Abstract
The state of supranuclear matter in compact stars remains puzzling, and it is argued that pulsars could be strangeon stars. The consequences of merging double strangeon stars are worth exploring, especially in the new era of multi-messenger astronomy. To develop the “strangeon kilonova” scenario proposed in Paper I, we make a qualitative description about the evolution of ejecta and light curves for merging double strangeon stars. In the hot environment of the merger, the strangeon nuggets ejected by tidal disruption and hydrodynamical squeezing would suffer from evaporation, in which process particles, such as strangeons, neutrons and protons, are emitted.
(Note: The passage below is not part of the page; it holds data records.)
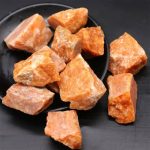 Rå Himalayasalt, rikt på mineraler, används för dekoration och matlagning.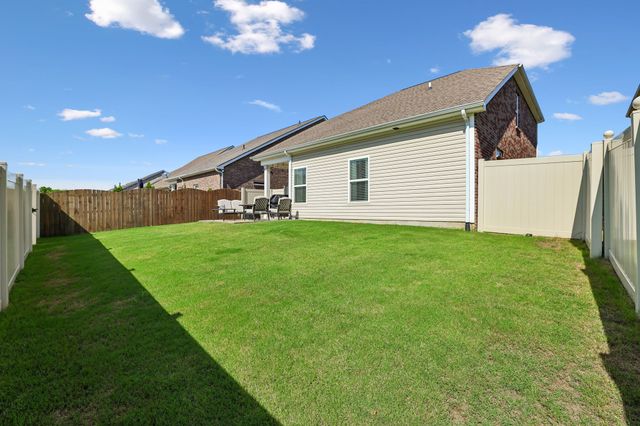 1413 Woodside Dr, Lebanon, TN 37087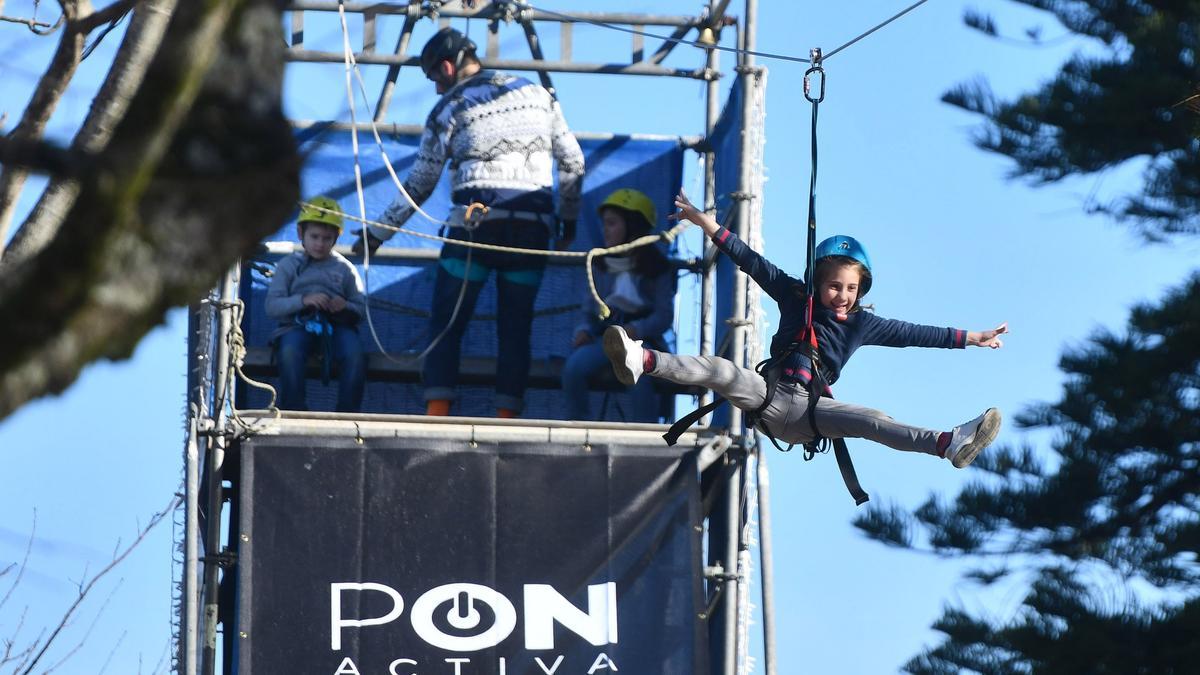 Una tirolina instalada en años anteriores en la alameda de Pontevedra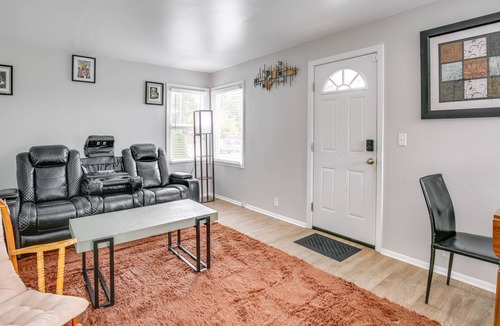 West Eugene House | Charming Eugene Getaway ~ 1 Mi to Downtown!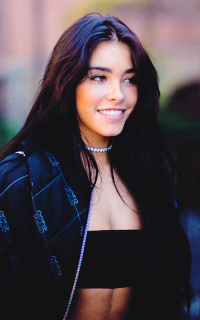 Madison Beer U6wKz9D7_o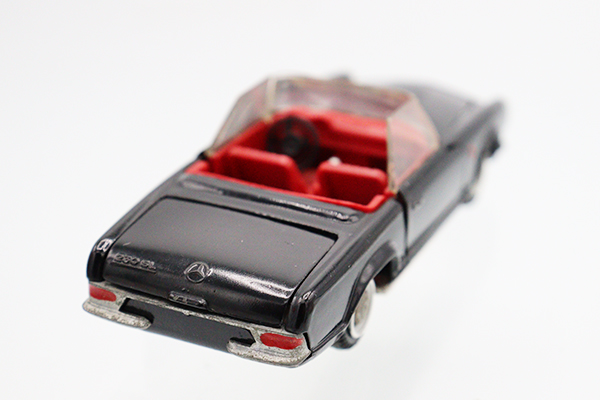 ミニカーショップ ケンボックス Teknoメルセデスベンツ230 SL (黒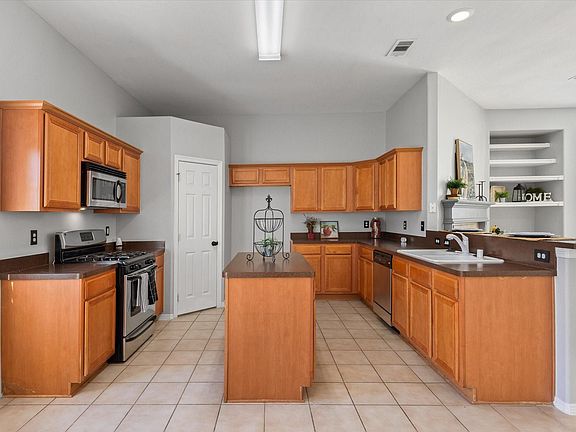 5th image of 104 Laurel Meadow Ct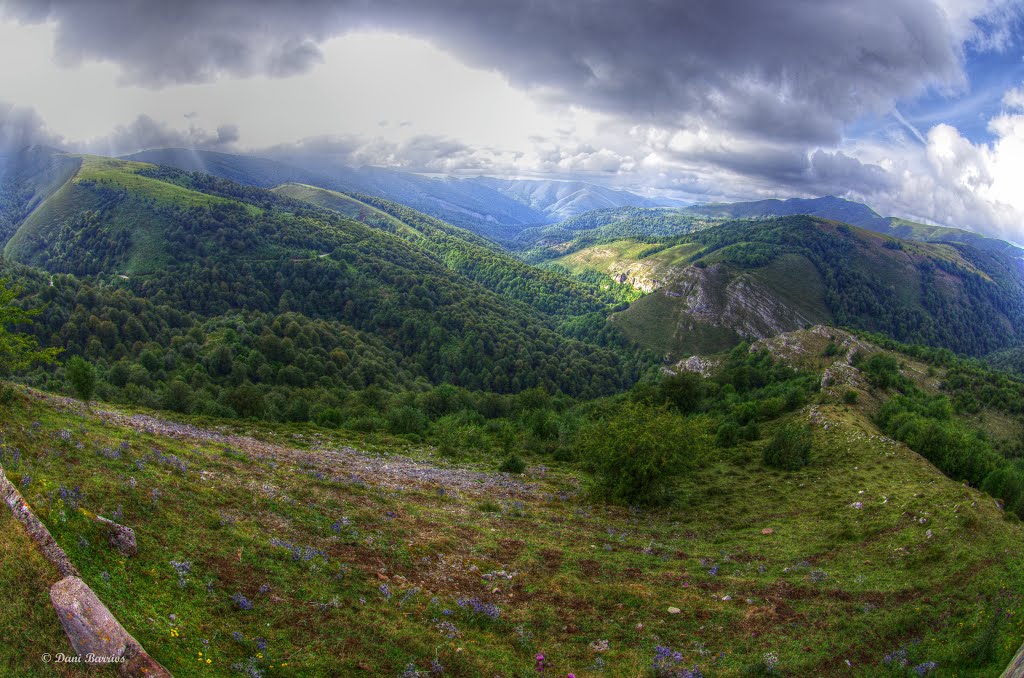 Vistas desde el balcón de La Cardosa. by Dani Barrios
Taking into account both the evaporation of strangeon nuggets and the decay of strangeons, most of the strangeon nuggets would turn into neutrons and protons, within dozens of milliseconds after being ejected. The evaporation rates of different particles depend on temperature, and we find that the ejecta could end up with two components, with high and low opacity respectively. The high opacity component would be in the directions around the equatorial plane, and the low opacity component would be in a broad range of angular directions. The bolometric light curves show that the spin-down power of the long-lived remnant would account for the whole emission of kilonova AT2017gfo associated with GW170817, if the total ejected mass ∼ 10−3
M
⊙. The detailed picture of merging double strangeon stars is expected to be tested by future numerical simulations.